According to data from Capitaline, banks in India added nearly $14.63 billion (Rs.1 trillion) in bad loans in the quarter that ended December 31, 2015. In December 2015, RBI Governor Rajan set a March 2017 deadline for banks to clean up their balance sheets and nudged them to treat some troubled loan accounts as bad loans and make provisions for them by the end of March 2016. Banks have since seen sharp erosion in profits, and some started reporting losses as they set aside capital buffers to cushion the bad loans. Indian public sector banks need an estimated $27 billion in capital over the next four years, according to Indian government estimates, to comply with new Basel III norms for higher capital requirements. The IMF, in the India 2015 Article IV consultation, reports that if the government were to provide the full amount of required capital injection, the estimate rises to between 1.2 to 1.7% of 2018/19 GDP. In August 2015, the Finance Ministry declared its plan to infuse $11 billion in the next four years, less than half the total capital requirement, hoping that improving the banks’ balance sheets would allow them to raise the remainder from the market. Additionally, RBI’s loosening tier one or core capital requirements at the beginning of March 2015 would help public sector banks shore up capital.

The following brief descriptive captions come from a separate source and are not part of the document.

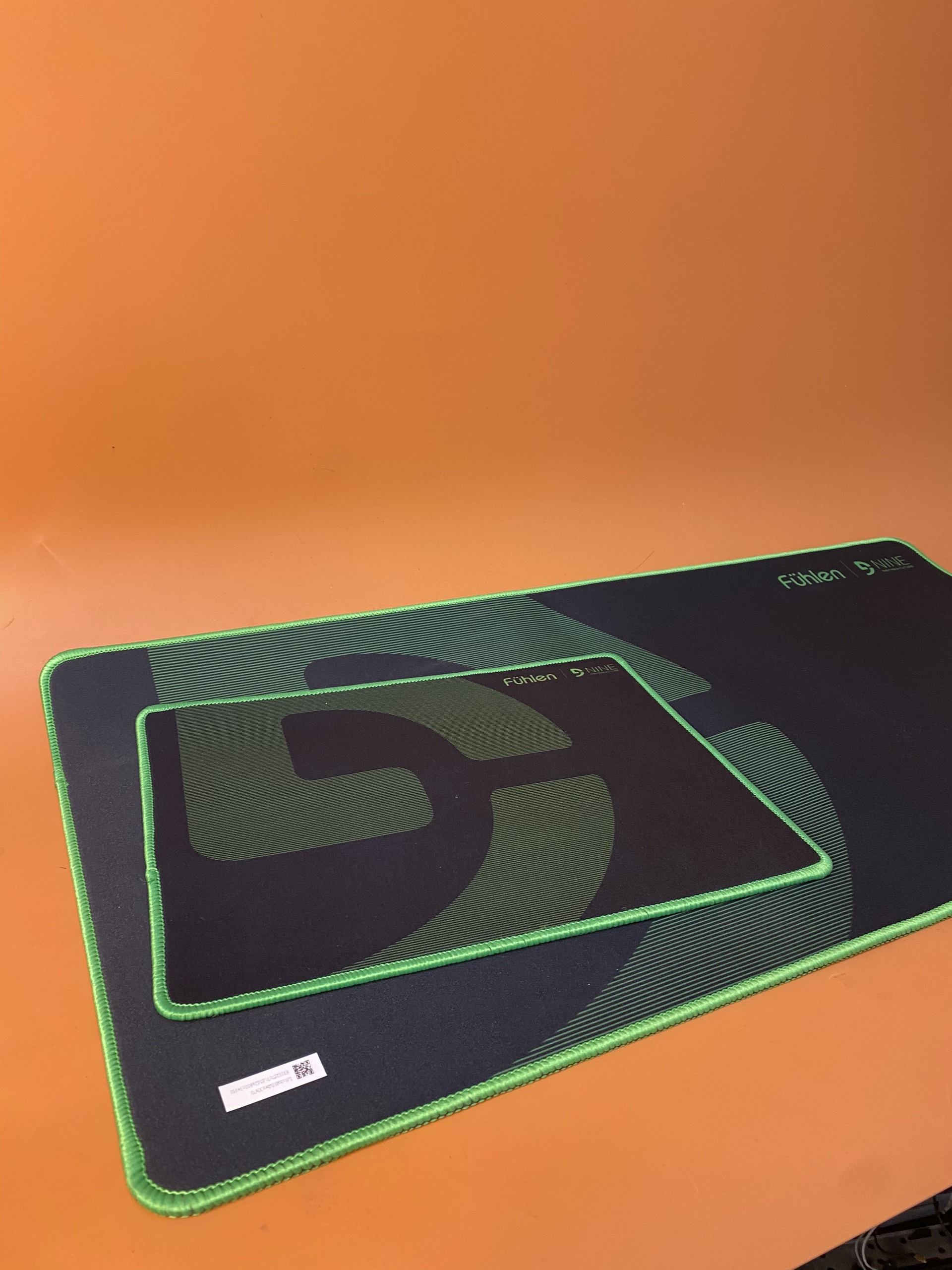 Bàn di chuột Fuhlen trơn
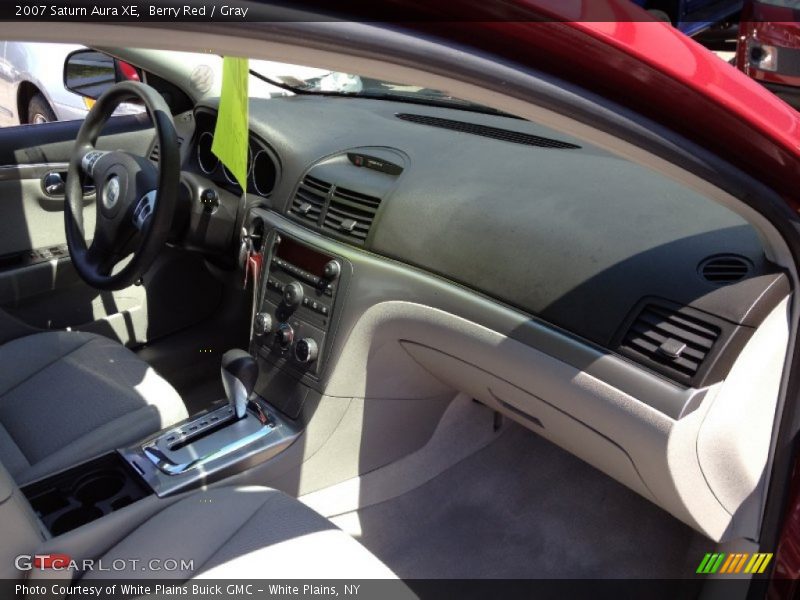 Berry Red / Gray 2007 Saturn Aura XE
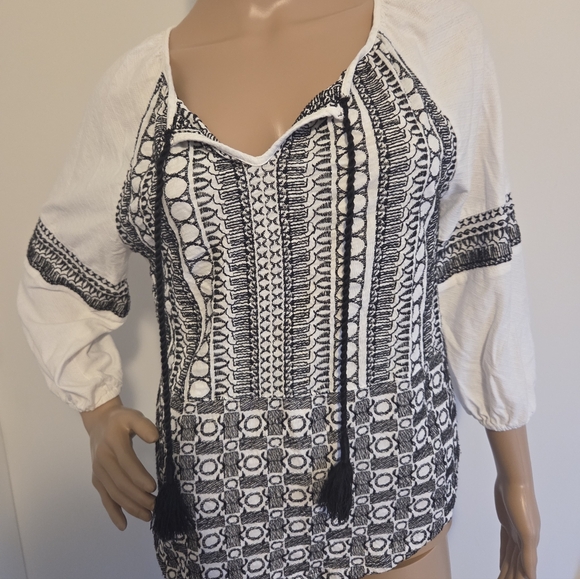 Anthropologie Akemi + Kin Black & White Embroidered Peasant Blouse - Picture 3 of 11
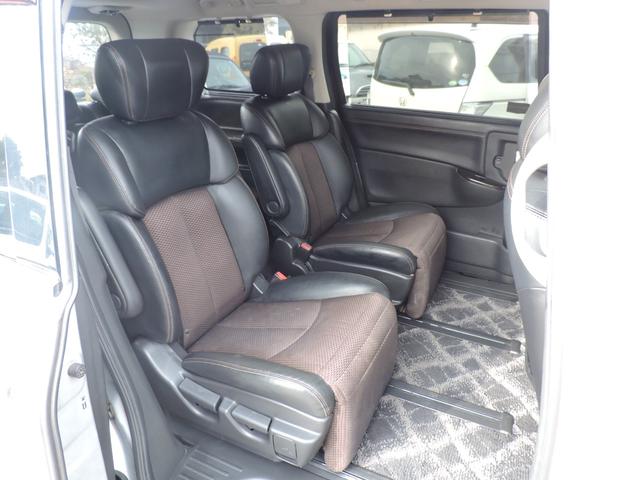 エルグランド ２５０ハイウェイスター　スマートキー　両側パワースライドドア　２２５／５５／１８社外アルミ　タイヤ５分山　ＥＴＣ　前後クリアランスソナー　ＨＤＤナビ　ＣＤ　ＤＶＤ再生　地デジフルセグ　フリップダウンモニター　バックカメラ（34枚目）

As on December 9, 2015, 195.2 million accounts have been opened and 166.7 million RuPay debit cards have been issued under Pradhan Mantri Jan Dhan Yojana (PMJDY). The scheme was launched on August 28, 2014 with the objectives of providing universal access to banking facilities, providing basic banking accounts with overdraft facility and RuPay Debit card to all households, conducting financial literacy programs, creation of credit guarantee fund, micro-insurance and unorganized sector pension schemes. The objectives are expected to be achieved in two phases over a period of four years up to August 2018. Though the number of accounts opened is immense, some of these still maintain a zero-balance, and six months of “satisfactory transactions” are necessary before the account-holder qualifies for benefits including overdraft and life insurance. It is likely the number of transactions will rise once the government expands its initiative for providing subsidies and benefits through direct bank transfers.
Takeover regulation in India applies equally to domestic and foreign companies. The regulations do not recognize, however, any distinct category of hostile takeovers. RBI and FIPB clearances are required to acquire a controlling stake in Indian companies. Takeover regulations require disclosure on acquisition of shares exceeding 5% of total capitalization. As per SEBI's Substantial Acquisition of Shares and Takeovers (Amendment) Regulations, released in 2013, acquisition of 25% or more of the voting rights in a listed company triggers a public offering of an additional 26% stake at least. Under the creeping acquisition limit, the acquirer holding 25% or more voting rights in the target company can acquire additional shares or voting rights up to 5% of the total voting rights in any financial year, up to a maximum permissible non-public shareholding limit of 75% generally. Acquisition of control over the target company, irrespective of shares or voting rights held by the acquirer, will trigger a mandatory open offer.